Jeden Tag im Kino sitzen und sich einen Film nach dem anderen ansehen - für viele Cineasten ein Traum, für einige Journalisten ein harter Festivalalltag, für fünf New Yorker eine Obsession. In "Cinemania" bekommt man einen interessanten Einblick in ein Dasein jenseits der Realität, der diese Cinemaniacs alltäglich entfliehen. Alle fünf kommen mit dem wahren Leben nicht besonders gut zurecht. Doch wenn sie vor der Leinwand Platz genommen haben, sind sie restlos glücklich.

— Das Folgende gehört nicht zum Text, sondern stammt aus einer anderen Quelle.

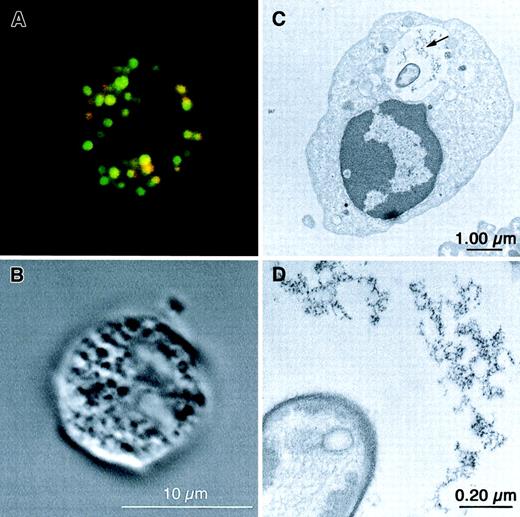 Fig. 2. Localization of liposomes and. / S aureus in granulocytes by confocal laser microscopy and electron microscopy. (A) Confocal laser microscopy. Granulocytes (1 × 106/mL) were incubated at 37°C for 15 minutes with 10 × 106 BODIPY-labeled (green) S aureus particles, followed by an incubation with 1 mM rhodamine-B-PE–labeled (red) liposomes (EPC:EPG:Chol, 4:3:3 mole ratio) for 20 minutes. Colocalization of S aureusand liposomes is suggested in several vacuoles appearing yellow (red-green overlay). (B) Confocal laser microscopy. Same granulocyte visualized by differential interference contrast (DIC) microscopy. (C) Electron microscopy. Isolated normal granulocytes (15 × 106/mL) were incubated with 15 × 107 S aureus particles and 3 mM ferritin-containing liposomes (EPC:EPG:Chol, 4:3:3 mole ratio) at 37°C for 60 minutes. The arrow indicates the ferritin particles derived from liposomes. (D) Higher magnification of the ferritin-containing vacuole of the same cell as in panel C.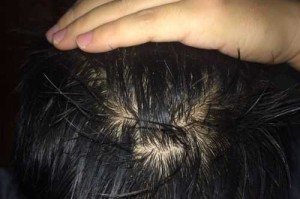 男人头发油是什么原因（男人头发油是什么原因造成的）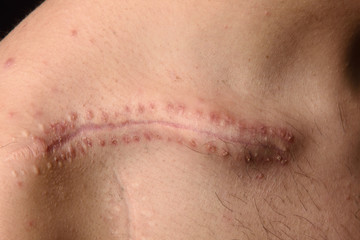 detail of a scar on the clavicle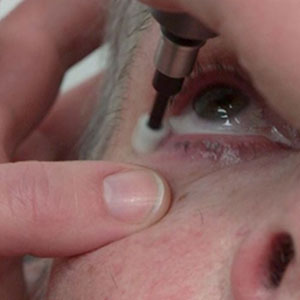 Vision Express Dry eye Treatment - Eye Spa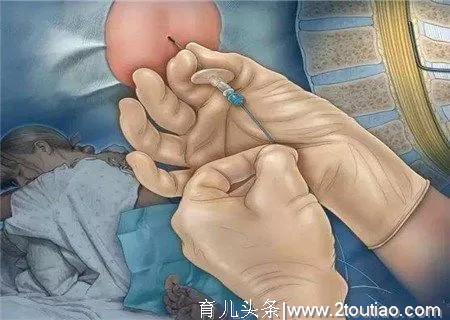 组图揭秘剖腹产全过程，张张戳心，能忍到最后一张的都是女战士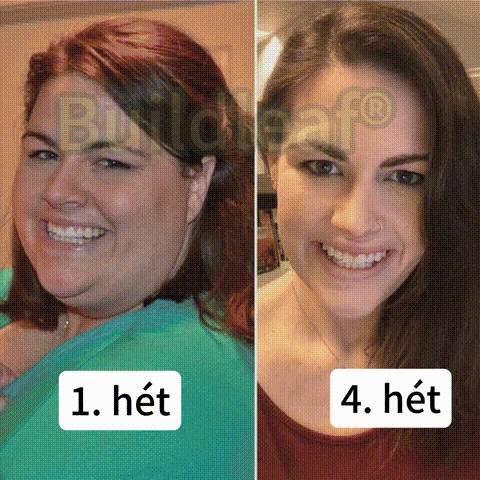 【Hivatalos áruház】🍃🍃Buildleaf® SMGT-GLP-1 Nano Mikrotű Tapasz - Kollagénnel és Matrixyl 3000-rel 丨Célzott hatás: elhízás, megereszkedett bőr, magas vérnyomás, cukorbetegség, zsírmáj, testi fájdalmak és egyéb problémák ellen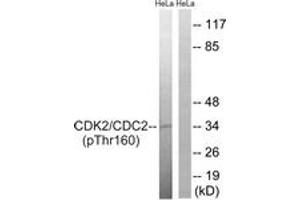 Western blot analysis of extracts from HeLa cells, using CDC2 (Phospho-Thr161) Antibody. (CDK1 antibody  (pThr161))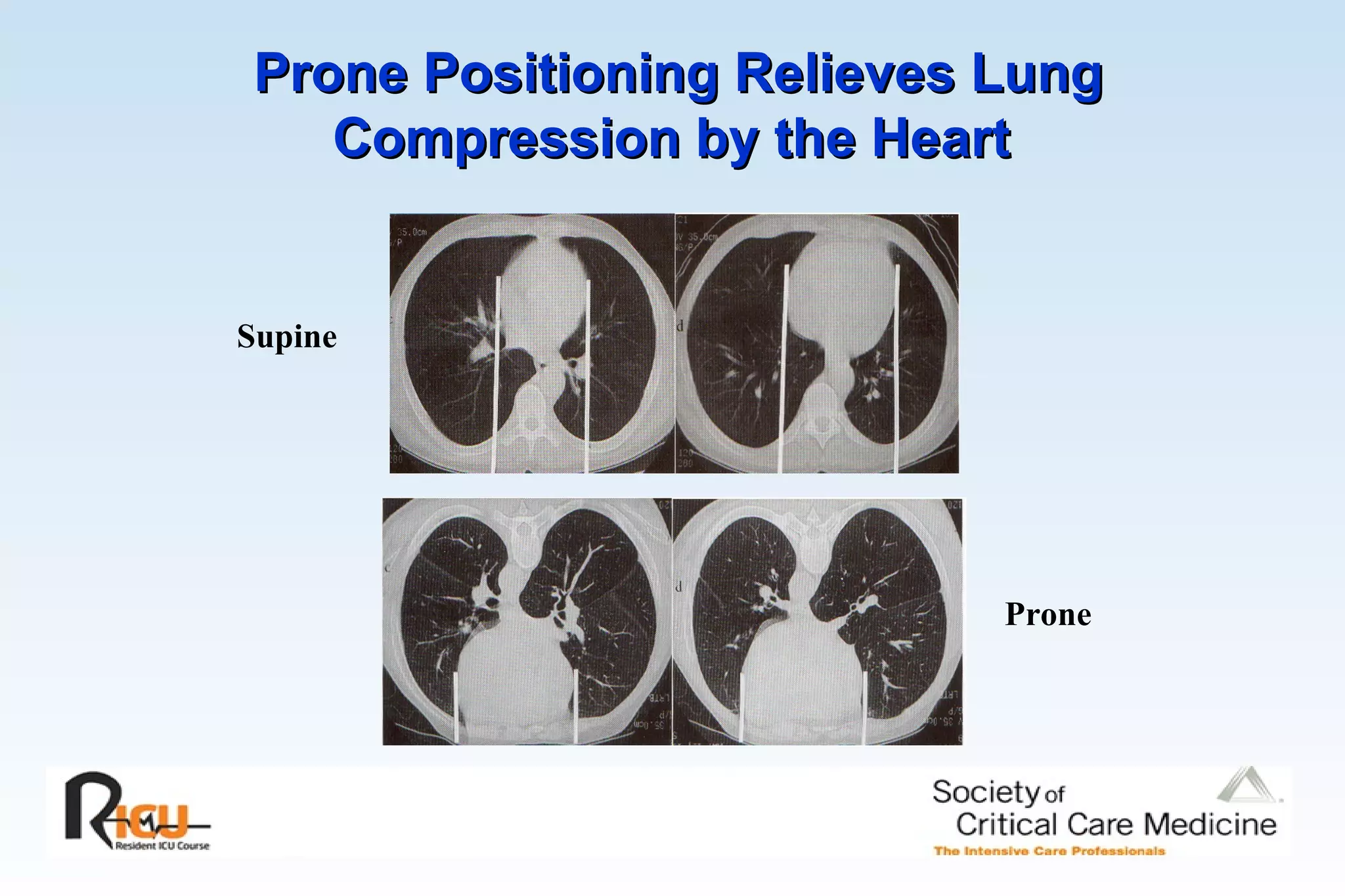 Prone Positioning Relieves Lung Compression by the Heart   Supine Prone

Sein Leben im Kinosaal zu verbringen, heißt jedoch: Programme wälzen, Tagespläne entwerfen, die Bahnabfahrtszeiten auswendig lernen, kein entspanntes Wochenende zu Hause verbringen, keine Freunde haben und auch kein Privatleben außerhalb des Filmtheaters. In New York haben die Regisseure Angela Christlieb und Stephen Kijak diese fünf besonderen Exemplare der Spezies "Filmfreak" aufgetan und sie bei ihrem täglichen Kinobesuch beobachtet.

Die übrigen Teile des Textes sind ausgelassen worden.